Una niña fue mordida por una terciopelo en La Ceiba, Honduras.

La alerta llegó hasta el radio de comunicación de Arnoldo Alfaro. Se ocupaba, con una urgencia, un suero antiofídico para contrarrestar el letal veneno.

La vida de la menor estaba en riesgo y no aparecía al antídoto.

“Me llamaron a mí y resulta que la Caja (Costarricense de Seguro Social) no tenía (el suero). Llamé al Hospital de Liberia, porque creo que en esa zona es donde hay más terciopelo, y tampoco tenían”, narró.

Con una visión de servicio formada a lo largo de sus más de 50 años de ser radioaficionado, Alfaro no se dio por vencido y siguió buscando el suero.

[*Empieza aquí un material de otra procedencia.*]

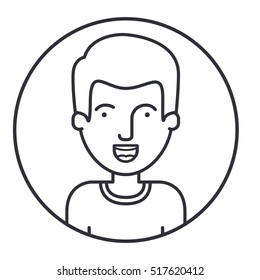 Isolated man cartoon design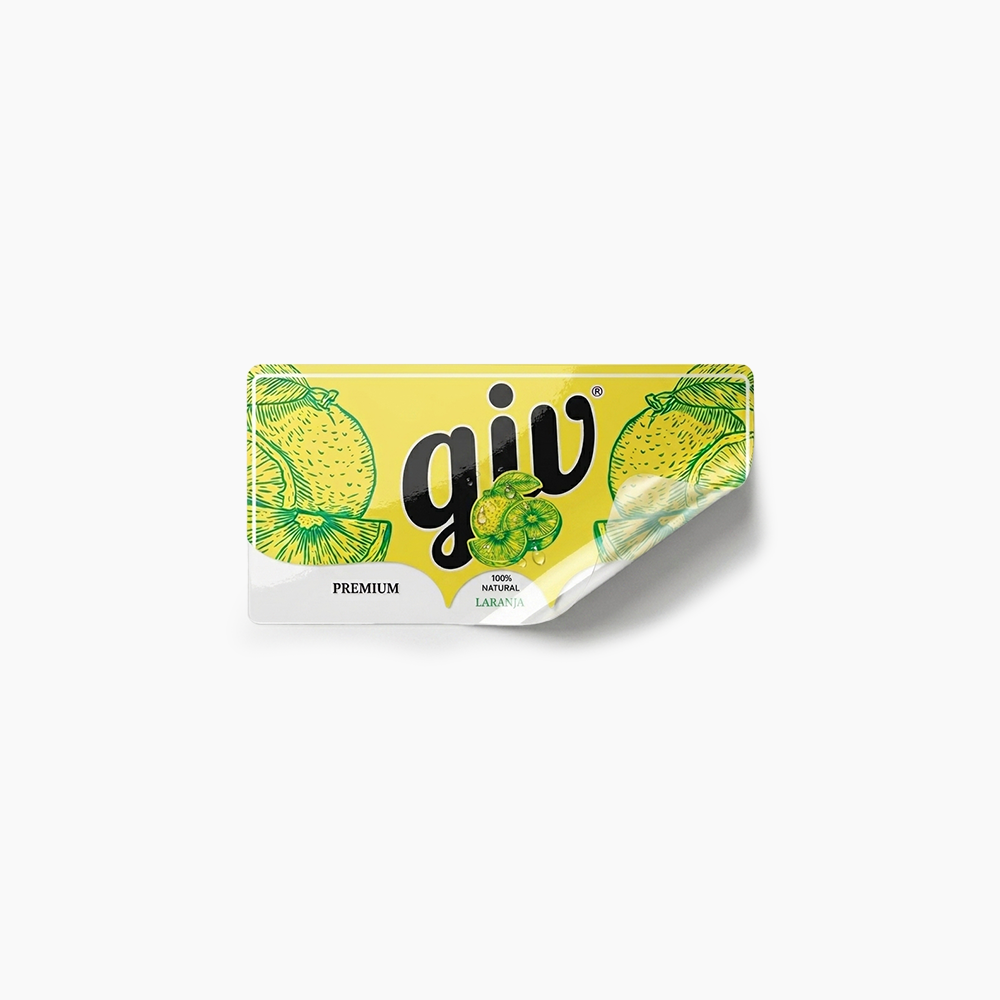 Rótulo para Garrafa de Suco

“Me vine al CIMA y ahí estaba el antídoto. Valía solo ¢5.000.

Llamé a la embajadora de Honduras aquí y le dije: necesito dejarle esto para que usted vea a ver cómo lo envía a su país. Y esa dosis llegó a tiempo; la niña se salvó”, relata con gran satisfacción este veterano del espectro.

La emergencia, dijo, ocurrió hace dos años y aunque parece algo tan sencillo, es una muestra de que esos pequeños radios pueden salvar vidas.

La gran bondad de la radiocomunicación es que no tiene fronteras. “El rey de Jordania hablaba con nosotros todos los días. El papá de Alejandra Guzmán, Enrique Guzmán, cada vez que la hija venía aquí y ‘se jalaba una torta’ me decía: Arnoldo, andá a ponerle orden”, recordó.